**REQUIREMENT:** Copy nothing but the text: reproduce each line of the listing exactly and leave the pictures out.

**RAW DATA:**
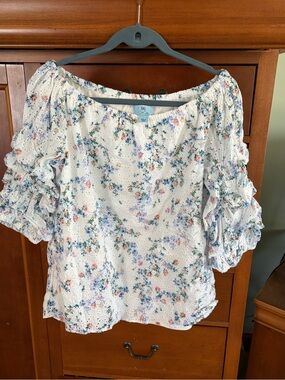 CeCe floral top on or off the shoulder elbow length sleeve Size L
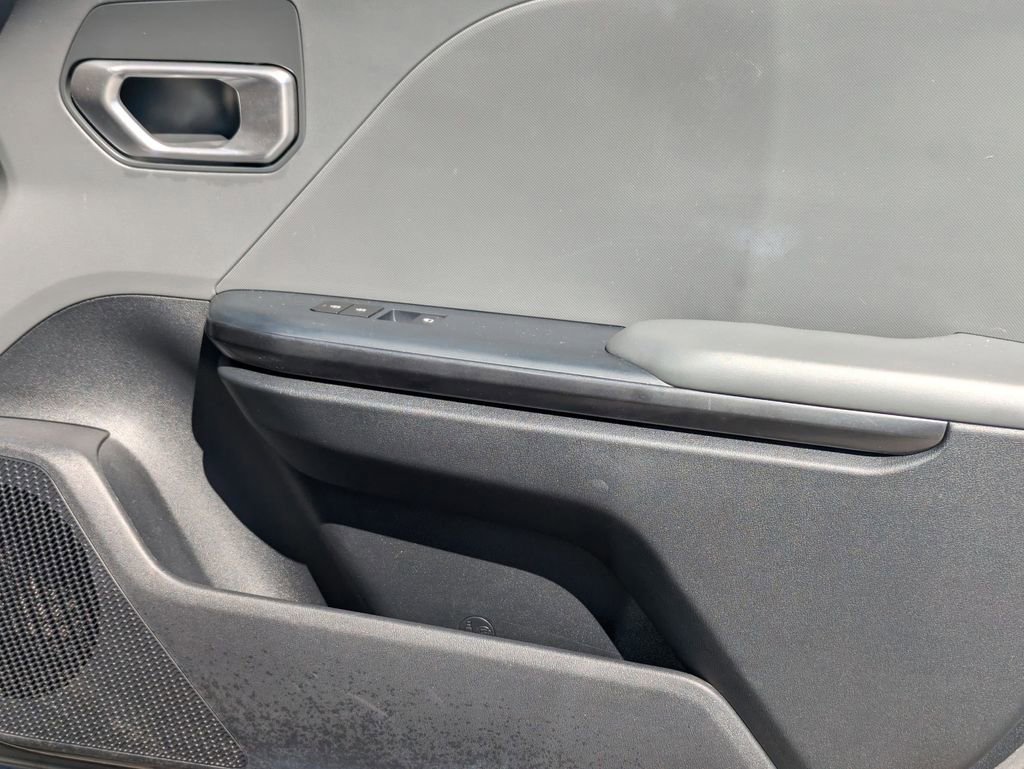 Used 2025 Kia K4 LXS image 32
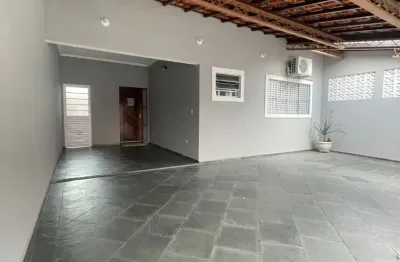 Linda casa de lote inteiro no bosque dos ipês / excelente localização/ opção de comercial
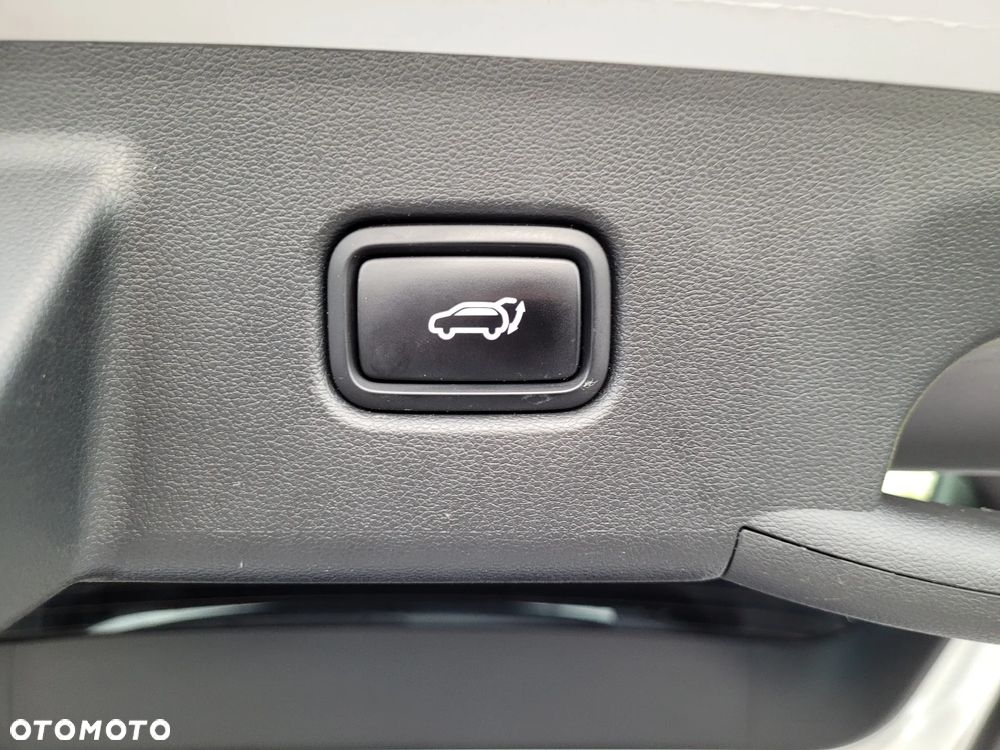 Hyundai Tucson 1.6 CRDi 48V-Hybrid 2WD DCT N Line - 28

**REPLY TO THE EXERCISE:**
 CeCe floral top on or off the shoulder elbow length sleeve Size L
 Used 2025 Kia K4 LXS image 32
 Linda casa de lote inteiro no bosque dos ipês / excelente localização/ opção de comercial
 Hyundai Tucson 1.6 CRDi 48V-Hybrid 2WD DCT N Line - 28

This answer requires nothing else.